Wdrożenie wymienionych wyżej systemów nie jest jednak jedynie projektem inżynieryjnym — to również projekt organizacyjny, prawny i społeczny, w którym urząd miasta pełni rolę zamawiającego, regulatora i, często, właściciela danych czy oprogramowania. Okoliczności te, nie pierwszy raz, potwierdzają, że prawo ma tendencję do nienadążania za technologią – nie zawsze bowiem to, co techniczne jest w pełni wykonalne, jest akceptowalne w płaszczyźnie prawnej.
Koncepcja inteligentnego miasta
W perspektywie tematu, w centrum koncepcji inteligentnego miasta leży system zintegrowanego zarządzania zasobami, który opiera się na trzech filarach: czujnikach (bazujących na sieci IoT, która to stanowi niejako „stelaż” całej koncepcji smart city – nie tylko w kontekście omawianego tematu), systemach przetwarzania danych (coraz częściej algorytmy głębokiego uczenia – AI) i warstwie wykonawczej, czyli automatyce sterującej. W praktyce działa to jak dobrze skoordynowany organizm – sensory zbierają informacje o stanie środowiska miejskiego, oprogramowanie analizuje je w czasie rzeczywistym, a inteligentne sterowniki reagują natychmiast, dostosowując działanie infrastruktury.

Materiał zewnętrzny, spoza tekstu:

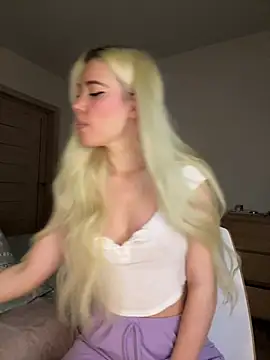 xDinnax online show from 02-24-25, 05:53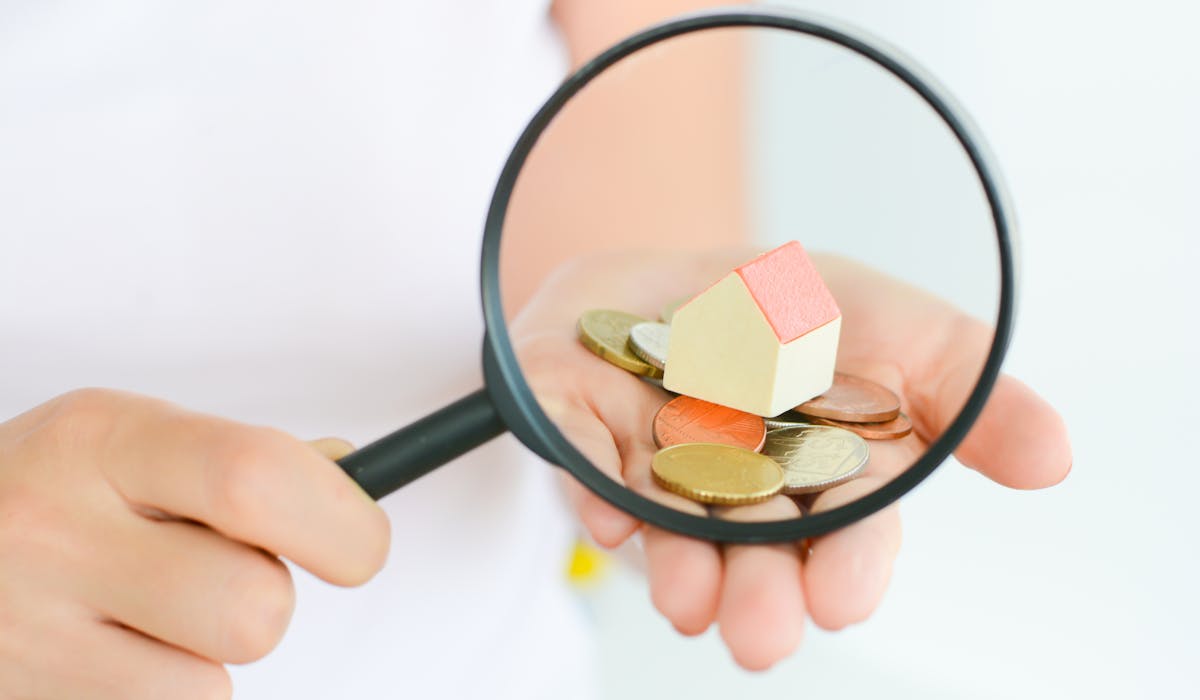 Dès lundi, vous pourrez utiliser Patrim pour connaître le prix versé lors de transactions récentes portant sur des biens similaires et proches du vôtre. Dès lundi, vous pourrez utiliser Patrim pour connaître le prix versé lors de transactions récentes portant sur des biens similaires et proches du vôtre.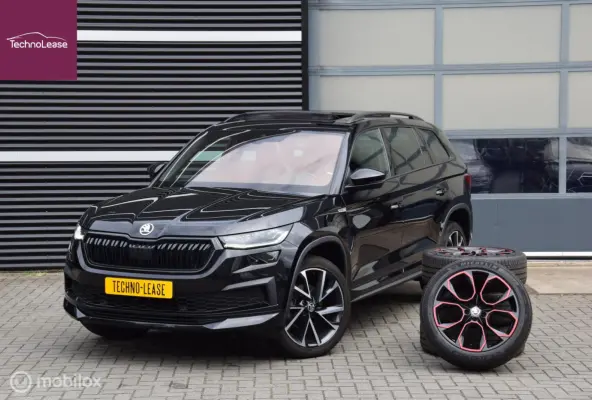 1.5 TSI Sportline Business Virtual Cockpit Panorama Leder zomer én winterset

Jak więc widać, system AI zostaje zaimplementowany tam, gdzie wcześniej największą rolę odgrywał człowiek. Chyba najbardziej dojrzałym i powszechnie stosowanym rozwiązaniem w tym zakresie jest inteligentne oświetlenie miejskie. Klasyczne latarnie działają w trybie „włącz/wyłącz” zgodnie z harmonogramem lub zegarem astronomicznym, co prowadzi do znacznych strat energii — świecą, gdy nie trzeba lub zbyt mocno. Systemy smart lighting wyposażone są w czujniki ruchu, natężenia światła i kamery, które pozwalają regulować intensywność świecenia w zależności od faktycznych potrzeb. Gdy ulica jest pusta, oświetlenie redukuje moc do poziomu minimalnego, a gdy pojawia się pieszy, rowerzysta lub samochód — system płynnie rozjaśnia latarnię oraz kilka kolejnych wzdłuż trasy ruchu. Dodatkowo, takie latarnie mogą pełnić rolę multisensorów, tj. zbierać dane o jakości powietrza, poziomie hałasu, natężeniu ruchu, a nawet o stanie nawierzchni. Dla samorządu to ogromna wartość, bowiem jedna infrastruktura zapewnia realizację wielu funkcji, i, co równie ważne, dostarcza precyzyjne dane o realnym zużyciu energii oraz o środowisku miejskim.
Drugim obszarem, w którym zastosowanie technologii przynosi wymierne efekty, jest inteligentne ogrzewanie i zarządzanie energią w budynkach komunalnych. Klasyczne systemy grzewcze działają często w oparciu o stałe harmonogramy i z góry ustalone parametry, niezależnie od rzeczywistych warunków atmosferycznych, liczby osób w budynku czy ciepła pochodzącego z innych źródeł (np. nasłonecznienia). Systemy zarządzania energią — Building Energy Management Systems (BEMS) — integrują czujniki temperatury, wilgotności, otwarcia okien i dane pogodowe z algorytmami predykcyjnymi. Dzięki temu mogą one dynamicznie regulować parametry ogrzewania, wentylacji i klimatyzacji, osiągając znaczną redukcję zużycia.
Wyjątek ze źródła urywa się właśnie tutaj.